Last week, when the UNP’s reforms committee met
Wickremesinghe, former loyalists including Gamini
Jayawickrema Perera and Tissa Attanayake told him to step
down and give way to the demands of the majority of the UNP
membership. A cornered Wickremesinghe offered to step down
as UNP Leader on the condition that his appointees are given
due place as Deputy and Assistant Leaders. When Perera asked
him to refrain from issuing conditions to his stepping down,
an angry Wickremesinghe shot back – ‘remember who made you
party chairman.’ It was an ugly and demeaning scene and with
each passing day, Wickremesinghe looks more and more like a
desperate, power hungry despot.
It was not always so
In 2005, one might be forgiven for believing that
Wickremesinghe seemed to be a politician of better calibre.
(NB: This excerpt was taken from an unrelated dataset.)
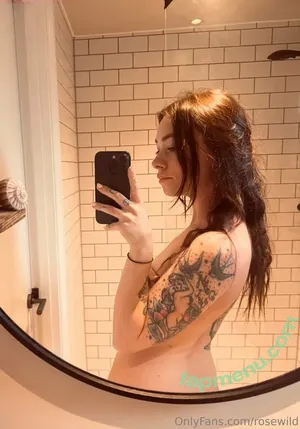rosewild / rosewildfargo nude photo #0046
There he was, fresh from having the presidency snatched away
from him because of a LTTE enforced boycott of the poll in
the north and east – the very epitome of being hoist by his
own petard, given that he lost badly in the south because
the people were convinced he was a pro-Tiger traitor. And he
was determined to step down from the UNP leadership and
allow someone else to carry on the fight. There was an
outpouring then of sympathy for the man who had been dealt
an unfair hand and even though it is unthinkable in today’s
context, a clamour for him to remain at the helm of the
Grand Old Party. Ranil Wickremesinghe’s political career is
full of missed opportunities but his decision to stay on as
party leader after weeks of deliberation may well have been
the one that will rewrite his story.
Lost opportunities
It was a time when the people still believed in a negotiated
settlement, in a peace process and a time when the fruits of
the ceasefire were still fresh in their minds. As chief
architect of the process, Wickremesinghe commanded some
respect, if not from the more hawkish sections of the
country, at least from those who still believed in his
commitment to ending the ethnic strife through political
engagement rather than military means. Had he exited then,
Ranil Wickremesinghe would have departed a hero.
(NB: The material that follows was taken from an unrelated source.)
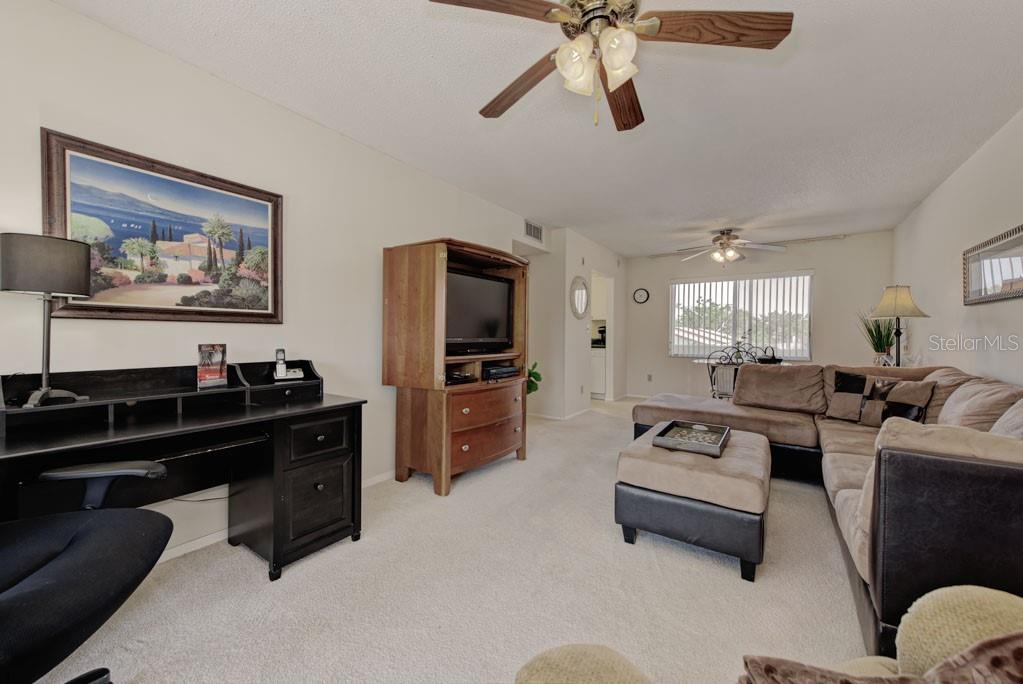 VILLAGE PLAZA SEC 1 - Residential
Instead tragically, he finds himself today beset on all
sides by a party rank and file that has lost faith in his
leadership, loyalists who are abandoning ship and a group of
hot headed rebels who are determined to get him out of the
leader’s chair by force if necessary. Staying in office
these last four years might have cost Ranil Wickremesinghe
his place in history. To the citizenry punch-drunk on the
military victories and besotted with the proponents of the
war, Wickremesinghe is looking more and more like a weak and
treacherous leader, a man who might have given the ‘Tigers
turned pussy cats’ another lease of life had he remained in
power any longer simply because he was unwilling to fight.
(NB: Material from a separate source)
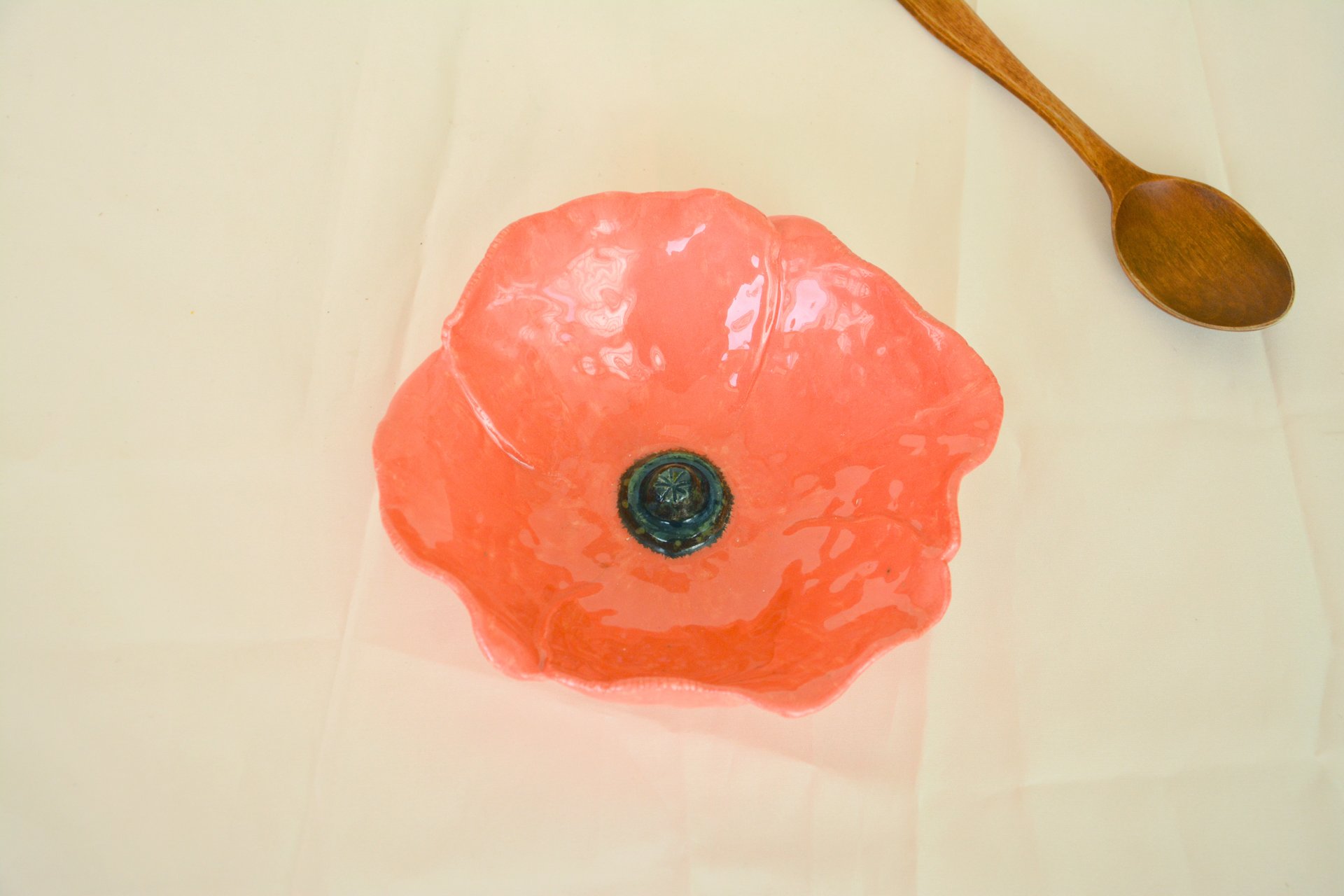 Bowl for Salad  Poppy 2 - Сeramic Plates, max diameter - 20 cm, photo 1 of 2.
The question is what happened to the Ranil Wickremesinghe of
2005? When did he start believing that his career amounted
to nothing unless he someday wins the presidency? It is as
if Wickremesinghe, once renowned for his statesman-like
stance on many things, has been reduced to a power hungry,
commonplace politician, willing to go to any lengths to
ensure his own survival.
Magnanimous departure
Being learned in political theory and history the way
Wickremesinghe is, he must be aware of the glaring examples
staring him in the face. Lee Kwan Yu, who being the longest
serving Prime Minister in the world, stepped down in 1990,
claiming that the time to go was when the people still
wanted you to stay. Across the Palk Straits, the magnanimity
of Indian Congress Leader Sonia Gandhi for instance when,
after leading her party to victory, she stepped aside and
allowed Dr. Manmohan Singh to lead her government. In fact
the UNP’s own leadership tradition is replete with examples
of great statesmen who have given way to the second tier of
leadership following not successive losses but a single
defeat.
Dudley Senanayake, heir apparent of the United National
Party as the son of the party’s founder D.S. Senanayake,
humbly bowed out in 1953 following crippling strikes all
over the country, allowing Sir John Kotalawela to take over
as Premier. In 1970, after facing defeat at the hands of
Sirimavo’s United Front government, Dudley promptly handed
over the Opposition Leadership to the energetic J.R.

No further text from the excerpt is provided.